Adzic al 94': Juve dal paradiso di un anno fa all'inferno di oggi
Nella cabala dei numeri, dei corsi e ricorsi storici, di un fine settimana che consegna duecento milioni a un fortunato vincitore del jackpot, gli dei del calcio decidono di piazzare un Sassuolo-Juventus che è anch'esso contenitore di tantissimi significati.
Primo tra tutti, per i nostalgici dei tempi in cui si vinceva, la partita contro i neroverdi rimanda a quel secondo anno allegriano, quello in cui si toccò il fondo in un inizio orribile dopo i quattro scudetti: allora c'erano giocatori che avevano vinto tanto, consapevoli della propria forza, che poi costruirono, dalla partita successiva, un filotto formidabile, fino a vincere ancora - e per tanto ancora -. Oggi, obiettivamente, no.
Secondo, e in questo non è necessario avere memoria di ferro, non è tanto l'avversario, quanto la data.
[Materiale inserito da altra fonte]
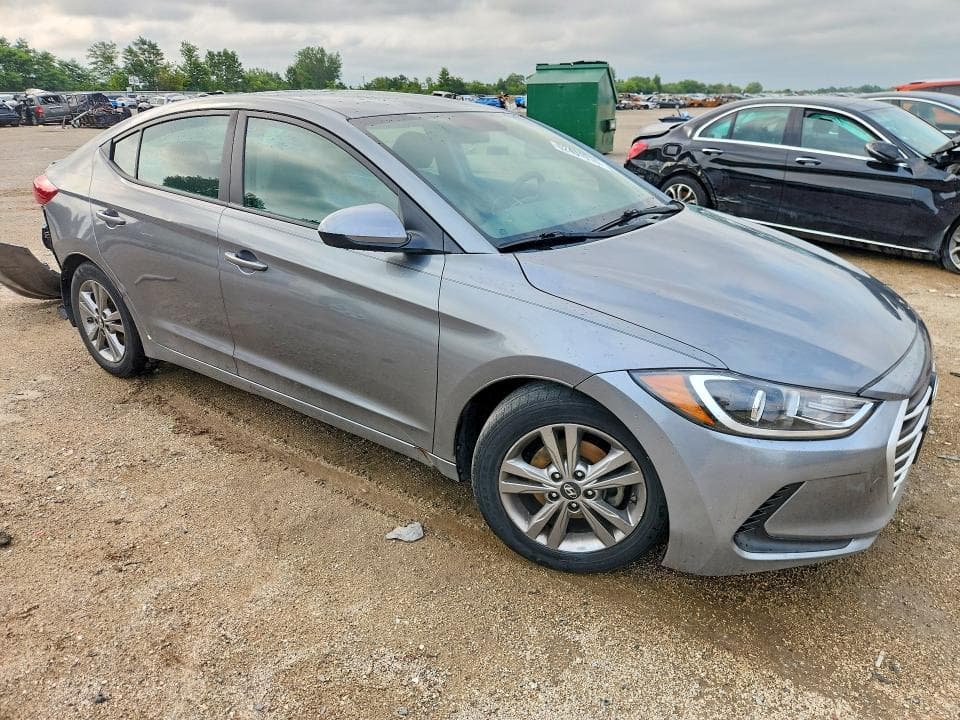 2018 HYUNDAI ELANTRA SEL 4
Partendo dal fondo, proprio dall'ultimo minuto. Gol di Adzic al 94'. Un anno fa, esatto, lo stesso 13 settembre, era roba da godere in un finale folle contro l'Inter: anche allora la Juve ne aveva presi tre, ma poco importava, perché la rete del giovane centrocampista era la quarta bianconera, quella del sigillo. Oggi pure, ma Adzic, uno dei tanti epurati dalla campagna di pulizia estiva, gioca dall'altra parte.
Con una lista di infortunati da far lavorare anche di notte fisioterapisti e centri medici, la Juve che si presenta al Mapei è una mescolanza riarrangiata in salsa fortemente giuntoliana: baricentro è infatti la mediana inedita e pluripagata Douglas Luiz-Koopmeiners, due passati dall'essere predestinati del riscatto bianconero a diventare precestinati della delusione. La coppia non va: qualcosa meglio il brasiliano, ma non basta. E non va la Juve tutta: può starci che manchi organizzazione con tutte le assenze, meno che manchi la fame.
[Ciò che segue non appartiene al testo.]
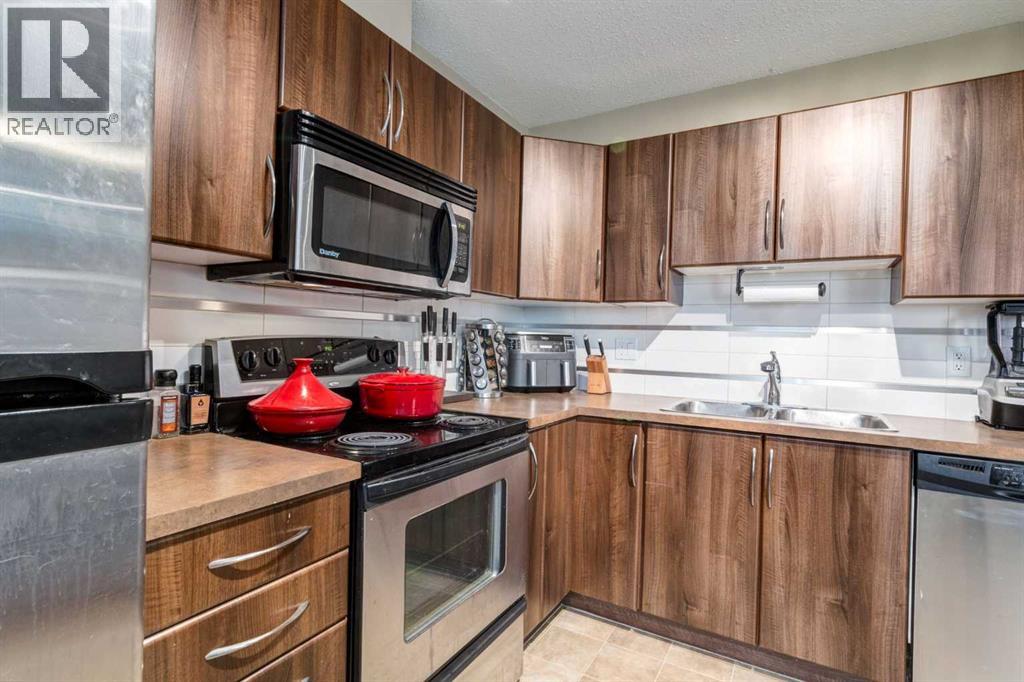 88 Chaparral Ridge Park Se, Calgary, Alberta  t2x 0e3 - Photo 6 - A2255554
Il primo tempo certifica la solita ammonizione di Lucumi nella prima parte - il difensore verrà sostituito all'intervallo anche per questo probabilmente - e il solito legno, questa volta non di Conceicao ma di Nico.
La ripresa è un'altalena.
La Juve si squaglia e si ricompone, non c'è una regola, non c'è soluzione di continuità in nulla.
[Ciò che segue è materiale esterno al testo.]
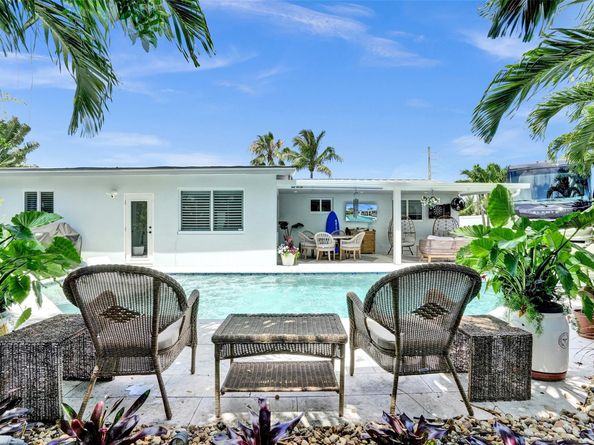 106 SE 10th Ct, Deerfield Beach FL 33441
Dietro si balla e il gol di Esposito a metà tempo è una foto impietosa. Altrove Alajbegovic, un ragazzino, è tra i pochi a salvarsi. Dall'altra parte, Adzic entra e spreca un paio di ripartenze da matita rossissima: emozione da giovane ex.
Davanti Kolo Muani è saldo sul carro pur non combinando mai nulla di buono, gli altri intorno girano: spunta Zhegrova. Uno talmente tagliato fuori, da non giocare titolare neanche in giornate come queste, prima di una competizione europea nella quale è escluso a priori. Eppure proprio lui riporta in superficie la Juve. Pari. E la ripareggia di nuovo lui anche quando, ancora una volta, la Juve riesce andare sotto stando allegrissima sul gol di Bowie.
Siamo in recupero ed è tempo di speranze, di sogni, di miracoli. Di rimpalli e rimpianti.
La palla arriva ad Adzic. Di nuovo, come altre due volte in questa partita. Di nuovo, come un anno fa esatto, all'ultimo respiro.
Gol: 3-2. Fine. Fine della partita, degli alibi e delle parole.